Copy out all of the lines below exactly; the pictures do not belong in the copy.

================================

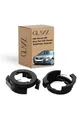 Megane 4 - Passat B6  - Kuga - Rifter Kısa - H7 Uyumlu Led Xenon Ampul Sabitleme Aparatı / 1 Adet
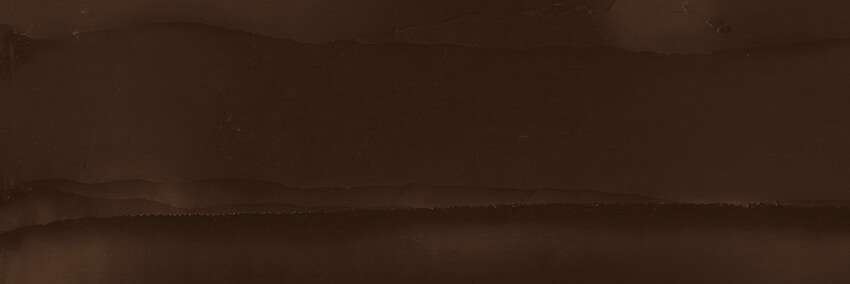 Керамическая плитка Arcana Aquarelle Moka, цвет чёрный тёмный, поверхность глянцевая, прямоугольник, 250x750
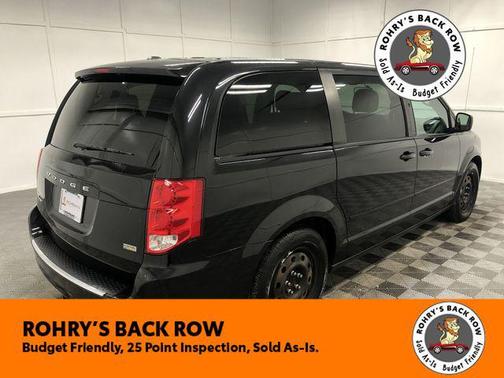 2015 Dodge Grand Caravan AVP/SE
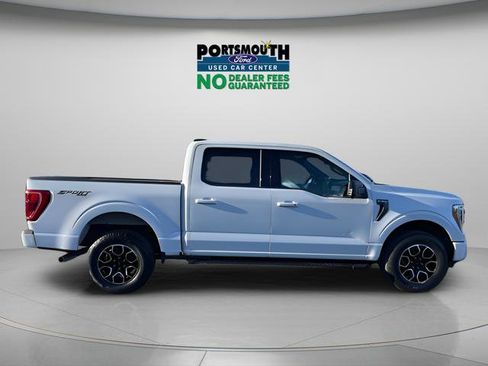 Used 2023 Ford F150 XLT w/ Equipment Group 302A High AWD/4WD image 6
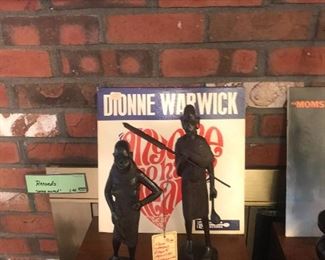 Items Located In Family Room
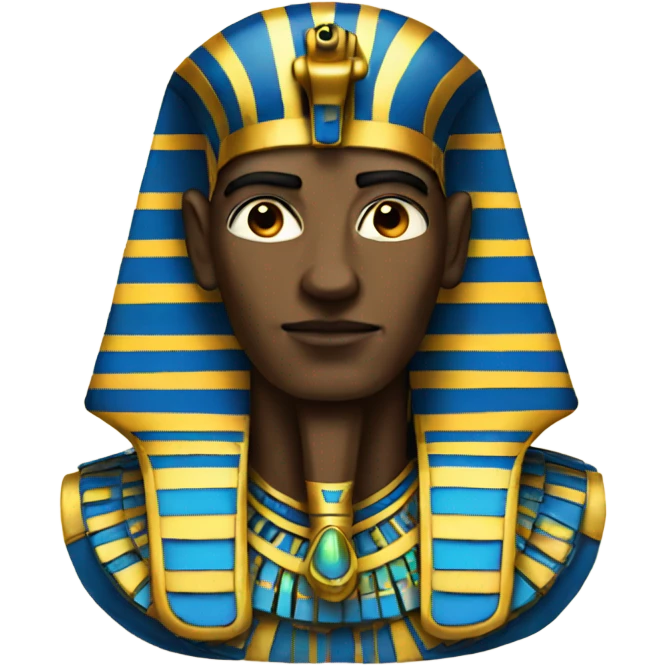 Pharoah emoji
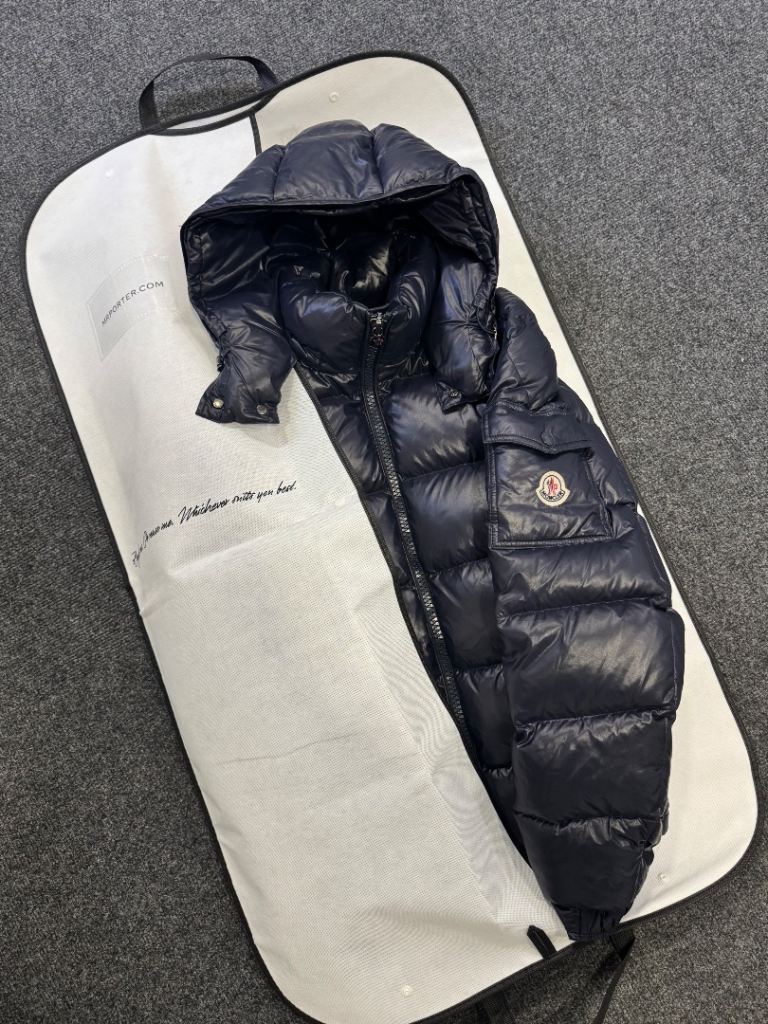 Authentic Moncler maya size 2 with tags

================================

RESULT OF THIS TASK
 Megane 4 - Passat B6  - Kuga - Rifter Kısa - H7 Uyumlu Led Xenon Ampul Sabitleme Aparatı / 1 Adet
 Керамическая плитка Arcana Aquarelle Moka, цвет чёрный тёмный, поверхность глянцевая, прямоугольник, 250x750
 2015 Dodge Grand Caravan AVP/SE
 Used 2023 Ford F150 XLT w/ Equipment Group 302A High AWD/4WD image 6
 Items Located In Family Room
 Pharoah emoji
 Authentic Moncler maya size 2 with tags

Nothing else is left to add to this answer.